Бык с низким ревом пытался снизу, «в поддых», поддеть медведя, а тот, одной лохматой лапой обхватывая вывертывающуюся башку быка, другой, наваливаясь всем корпусом, давил быка книзу. На шеях у борцов, взблескивая от солнца, болтались на цепях медные плоские мухи. У быка на ней было выбито слово «Джонс», а у медведя – «Доу». Видимо, это были их клички. Рахья приблизился. Страха перед зверями он почему-то не испытывал.
– Что, что там происходит?… – прорвался до Рахьи голос Донатаса.
– Да… Обычные дела… То да сё, баржевые симуляции… – проговорил Рахья.
Ему подумалось, что что-то он сказал тут не так, но потом его внимание привлекло другое: по берегу, вдоль которого двигалась баржа, на равном расстоянии друг от друга располагались столбы с табличками. На табличках были изображены какие-то символы, а около каждого из них – число, потом знак равенства и другое число. Столбы с табличками проплывали мимо. Символы и числа на них от столба к столбу незначительно менялись. Рахья нахмурился, пытаясь сообразить, что же эти знаки напоминают ему, почему они кажутся ему такими знакомыми?… Он стал внимательно вглядываться в числа, ощущая растущую необъяснимую тревогу. Небо над рекой тем временем начало темнеть от собирающихся грязно-синих облачков. Меж них блеснула молния. И вдруг Рахья потрясенно понял, что это за числа! Чтобы записать их, он быстро стал шарить по карманам в поисках блокнота и ручки. Громыхнул гром.
– Господин М.! – не найдя ручки, нетерпеливо вполголоса обратился Рахья к Казимиру.
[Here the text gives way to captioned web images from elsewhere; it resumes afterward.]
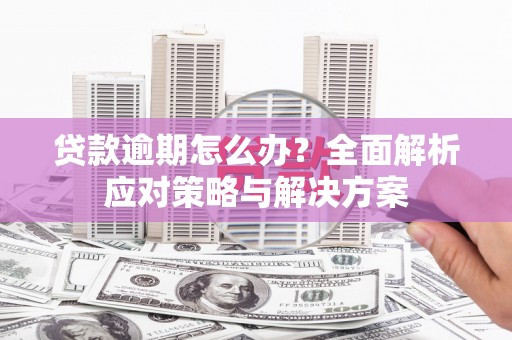 金乡贷款逾期怎么办？全面解析应对策略与解决方案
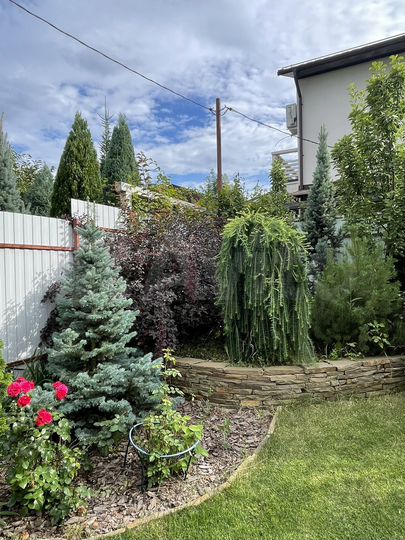 Дом 100 м² на участке 3 сот.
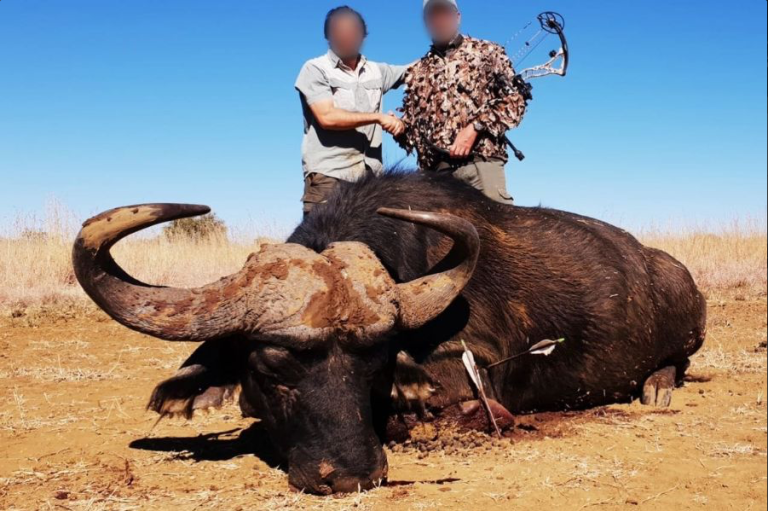 Screenshot 2025 03 24 at 16.23.04 768x511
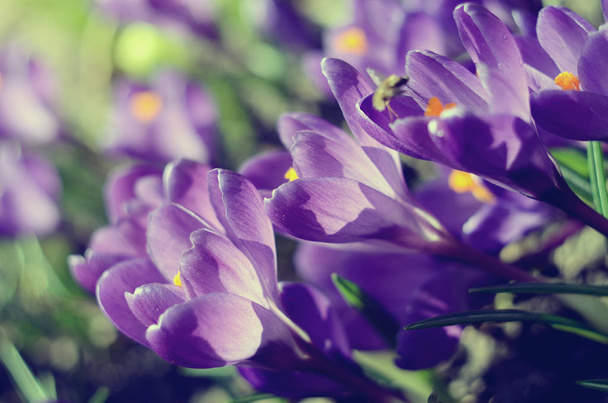 Красиві перші весняні квіти крокуси цвітуть під яскравим сонячним світлом. Вінтажне фільтроване компонування. Весняні канікули фон
 - Фото, зображення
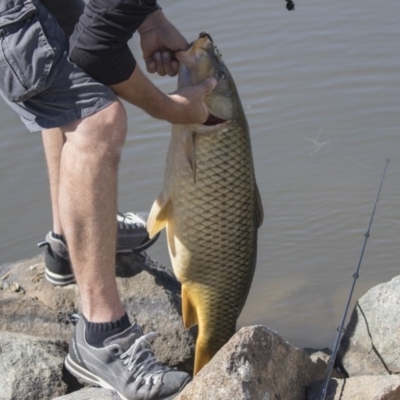 Cyprinus carpio (Common Carp) at Bonython, ACT - 9 Apr 2018 by Alison Milton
Ответом ему был лишь плеск воды и ворчанье-мычанье борющихся быка и медведя. Рахья в досаде оглянулся.
Внезапно раздался удар грома, гораздо громче предыдущего и не похожий на обычный грозовой гром. При следующем таком же ударе баржа исчезла, небо почернело, а Рахья рухнул в непроглядную пропасть, ощущая сильную боль во всем теле…
– …вот так, вот так нужно поступить с вашим аппаратом! – бормотал давешний скандалист – помощник Казимира, оттаскиваемый от аппарата Донатасом и официантом и пытающийся пнуть напоследок аппарат, лежащий на боку (и как ухитрился его опрокинуть?) в разноцветном стеклянном крошеве разбитых светосигналов, с дымящимися проводами. Скандалист еще не вполне протрезвел и, сопротивляясь, отрывисто выкрикивал:
– Долой шабашников и балаганщиков от искусства! Вивисекция творчества не пройдет!
– Да прекратите же! – пыталась вмешаться Юлия.
Из соседнего зала набежали люди.
Рахья увидел себя сидящим в прежнем положении; Казимир лежал рядом со своим креслом, пробуя приподняться на локте.
– Казик, родной, как ты? – чуть не плача, наклонилась над ним Юлия.
– Аптечку; врача; быстро! – скомандовал подоспевший ведущий вечера официанту.
Тот кивнул и удалился. Рахья с ведущим приподняли Казимира и прислонили его спиной к креслу, не решаясь усаживать в него и тормошить из опасения возможного перелома.
– Не беспокойтесь, – выговорил Казимир. – Просто ушибся.
– Ты был без сознания! – обеспокоенно заметила Юлия.
– Да… чем это он меня? Прямо как инквизитор Галилея… – попытался пошутить Казимир. – А вы, господин Рахья, не пострадали?
– Со мной все в порядке.
И, не в силах сдержать возбуждение от недавно увиденного, Рахья, стрельнув глазами по сторонам, склонил голову к Казимиру и, понизив голос, произнёс:
– Это чудо! Сейчас же звоню на биржу своим маклерам… Продавать, только продавать! Вы – по праву в доле.
– Как вы себя чувствуете? – спросил подошедший врач.
– Ничего, терпимо… Главное, голова цела, – слабо улыбнулся Казимир, глядя на Юлию.